Jain’s previous accolades include the 2012 Pauline McGibbon Award for Emerging Director and the 2016 Canada Council John Hirsch Prize for direction and in 2022, The Johanna Metcalf Foundation Performing Arts Prize.

Siminovitch Protégé Prize

Recognizing the crucial role that mentorship can play to a developing theatre artist, each year, the winner of the Siminovitch Prize is invited to choose an emerging artist who will receive $25,000, along with a year of coaching and advice.

Ravi chose Miriam Fernandes, Why Not Theatre’s Co-Artistic Director, as his protégé. Together, the pair has made significant contributions to Canada’s performing arts scene which have had both a national and international impact.

Like Jain, Fernandes is a graduate of Ecole Internationale de Théâtre Jacques Lecoq in Paris.

The Toronto-based artist has worked as an actor, director, and theatre-maker across the globe. Acting credits include Jungle Book (WYRD/Kidoons), Animal Farm (Soulpepper Theatre), Prince Hamlet (Why Not Theatre), Dinner with the Gods (Wolf and Wallflower, Sydney AU), The Snow Queen and A Sunday Affair (Theatre New Brunswick), The Living (Summerworks Performance Festival), and Soliciting Temptation (Tarragon Theatre).

As a director and theatre creator, her credits include Nesen, (MiniMidiMaxi Festival, Norway) The First Time I Saw the Sea (YVA Company, Norway).

Acceptance Speech

From Ravi Jain’s acceptance speech:

“As I searched for what to say, I kept thinking about Elinore Siminovitch.

“Elinore was a playwright, and no matter how hard she tried, no one would produce her plays. Her voice never saw the professional stages in Canada. When I heard her story, it made me angry. Elinore was an artist, but she wasn’t given a chance. She was a woman, she was a feminist, and her gender and politics were not welcome. So she was dismissed. Overlooked. I felt angry at the injustice of what she experienced. It’s an anger that burns hot in me, because what Elinore experienced is the same thing I’ve seen end many artists’ careers too early — when they aren’t given the space, or resources, or the platform for their voice. It is a rage that I have battled with for decades – and it has almost consumed me on multiple occasions.

“Anger was the fire, a necessary fuel for me to make space for my artistic voice – because from day one here in Canada, I had to fight for space and prove my worth. The Canadian artistic landscape in 2007 wasn’t all that different from what Elinore experienced decades before — it didn’t have the imagination to know what to do with me.

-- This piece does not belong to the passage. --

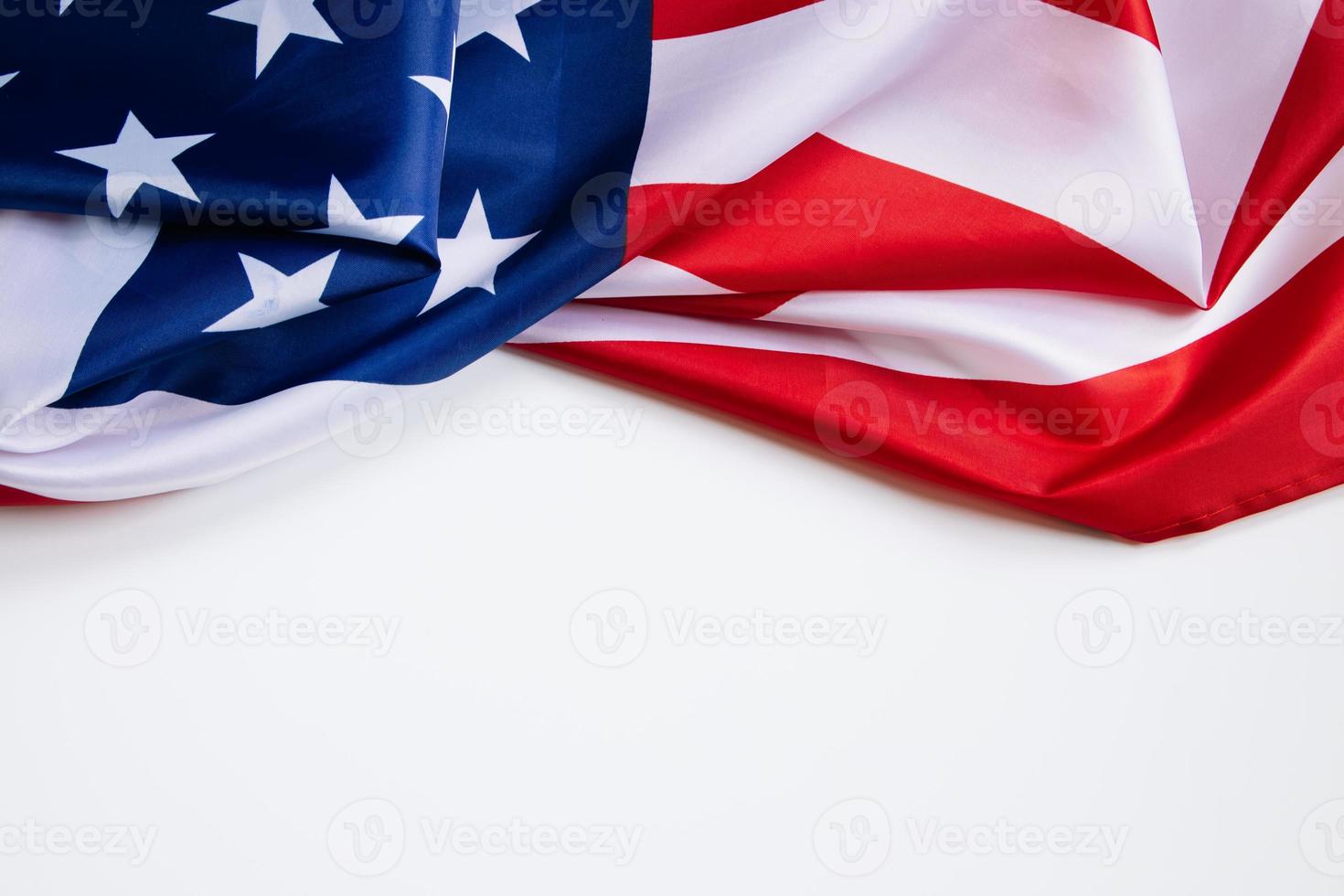 bandera estadounidense. antecedentes para el día de la independencia, el día de los caídos o el día del trabajo. cultura de estados unidos. lugar para su texto. foto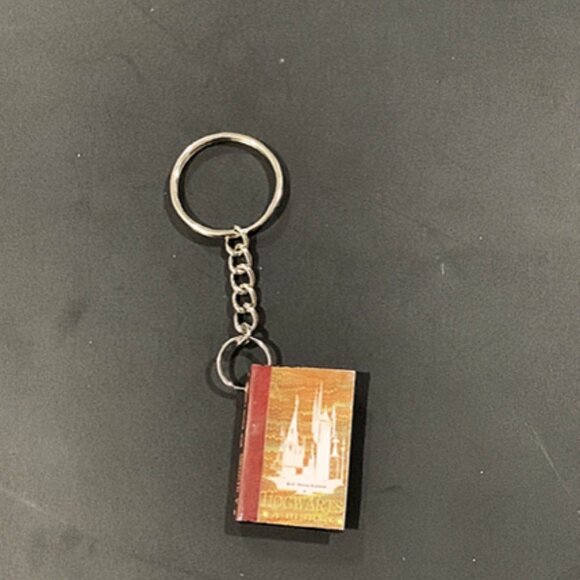 Hogwarts: A History” Keychain – Magical Replica Collectible - Picture 3 of 8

“I started Why Not Theatre because I wanted to challenge every assumption that people had of me, my identity, the work I would make, how I would make it, and how far I could go. And I wanted the same for all the Elinores of my time. I wanted to show that there was another way to do this thing we call theatre, and I wanted us to be curious about what it could be; if we change WHO tells the story, and HOW we tell that story — we actually unlock Theatre’s superpower; the Imagination.”

Find the full text here.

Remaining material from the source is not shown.